Weighbridge as 204 22.6.12Richard Holbeche, recollecting the Sutton of his youth, wrote about the family living opposite his house in Coleshill Street - “Neale and his wife were quiet, chapel-going people. Neale was a boot-maker, and attended, after the town hall was pulled down, to the weighbridge (called by the irreverent, the Pepper Pot) which rose on its ashes.”

The old town hall, which stood at the junction of High Street, Mill Street and Coleshill Street, was demolished in 1854, and the weighbridge, with its “pepper pot” office, was installed in 1859. The Corporation accounts for 1859 show that that year John Hill was paid £135 for the cost of the weighing machine at the top of Mill Street, and Joseph Neale was appointed to be in charge of it at 25s. per quarter.

A weighbridge is a very large set of balance scales consisting of a large metal plate set into the road surface with a small hut beside it containing the scale. (The first practical machines of this type were invented by John Wyatt of Birmingham in the 1740s). The Sutton public weighbridge, situated on the site of the weekly Monday livestock market, was used for weighing livestock as well as horse drawn carts and wagons.

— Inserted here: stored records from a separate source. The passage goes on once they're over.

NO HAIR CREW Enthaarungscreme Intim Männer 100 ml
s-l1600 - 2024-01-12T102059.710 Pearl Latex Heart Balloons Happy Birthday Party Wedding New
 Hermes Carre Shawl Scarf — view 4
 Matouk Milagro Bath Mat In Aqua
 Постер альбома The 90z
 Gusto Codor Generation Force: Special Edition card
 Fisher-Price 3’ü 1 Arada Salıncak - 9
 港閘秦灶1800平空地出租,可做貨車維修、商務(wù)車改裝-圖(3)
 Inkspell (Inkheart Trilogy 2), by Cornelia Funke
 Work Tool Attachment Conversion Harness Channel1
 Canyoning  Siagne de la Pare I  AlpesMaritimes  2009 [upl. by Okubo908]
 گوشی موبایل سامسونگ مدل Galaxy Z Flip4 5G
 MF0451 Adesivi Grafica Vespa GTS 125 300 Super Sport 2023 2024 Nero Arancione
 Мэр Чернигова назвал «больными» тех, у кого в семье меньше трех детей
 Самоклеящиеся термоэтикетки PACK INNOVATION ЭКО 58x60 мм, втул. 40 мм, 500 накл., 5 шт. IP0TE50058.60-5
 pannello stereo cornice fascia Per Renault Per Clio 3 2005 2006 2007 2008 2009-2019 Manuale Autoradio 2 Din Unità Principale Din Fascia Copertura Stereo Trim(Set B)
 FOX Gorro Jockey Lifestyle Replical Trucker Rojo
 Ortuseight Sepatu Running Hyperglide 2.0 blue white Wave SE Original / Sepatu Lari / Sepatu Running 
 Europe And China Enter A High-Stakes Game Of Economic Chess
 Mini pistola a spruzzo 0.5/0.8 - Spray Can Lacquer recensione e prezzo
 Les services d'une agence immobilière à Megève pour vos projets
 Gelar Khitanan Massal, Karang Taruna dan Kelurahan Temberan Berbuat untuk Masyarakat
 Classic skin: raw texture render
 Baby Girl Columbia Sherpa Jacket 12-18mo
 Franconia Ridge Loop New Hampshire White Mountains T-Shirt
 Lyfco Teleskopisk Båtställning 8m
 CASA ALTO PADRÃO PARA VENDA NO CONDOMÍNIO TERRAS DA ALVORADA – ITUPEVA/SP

The conduct of the Warden and Society of Sutton had been the subject of a long court case in the Court of Chancery. This resulted in a scheme, implemented in 1824, which specified how the Corporation’s funds were to be applied. This scheme was first proposed in 1817, clause 20 reads - “The Warden and Society being enjoined by the Charter to see that the weights and measures are just within the parish it is hoped that a sufficient sum should be allowed for a weighing machine for the use and benefit of the poor inhabitants and for a salary for a person to attend on the same”. The cost was given as £173. 14s. 0d; with an annual salary of £5.

The Warden and Society duly installed a public weighing machine outside their town hall, described by Holbeche:- “before the present edifice (i.e. the pepper pot) was erected, a sort of brickwork pew sufficed for the weighing of coals, manure, etc..This was occupied on Sundays by blatant dissenting preachers.”

The Pepper Pot was a distinctive Sutton landmark for nearly fifty years, but by 1900 it stood in the way of progress; in 1901 the weighbridge was moved to the council yard in Riland Road. The Pepper Pot with its gas lamp was removed, to be replaced by Sutton’s first electric street light.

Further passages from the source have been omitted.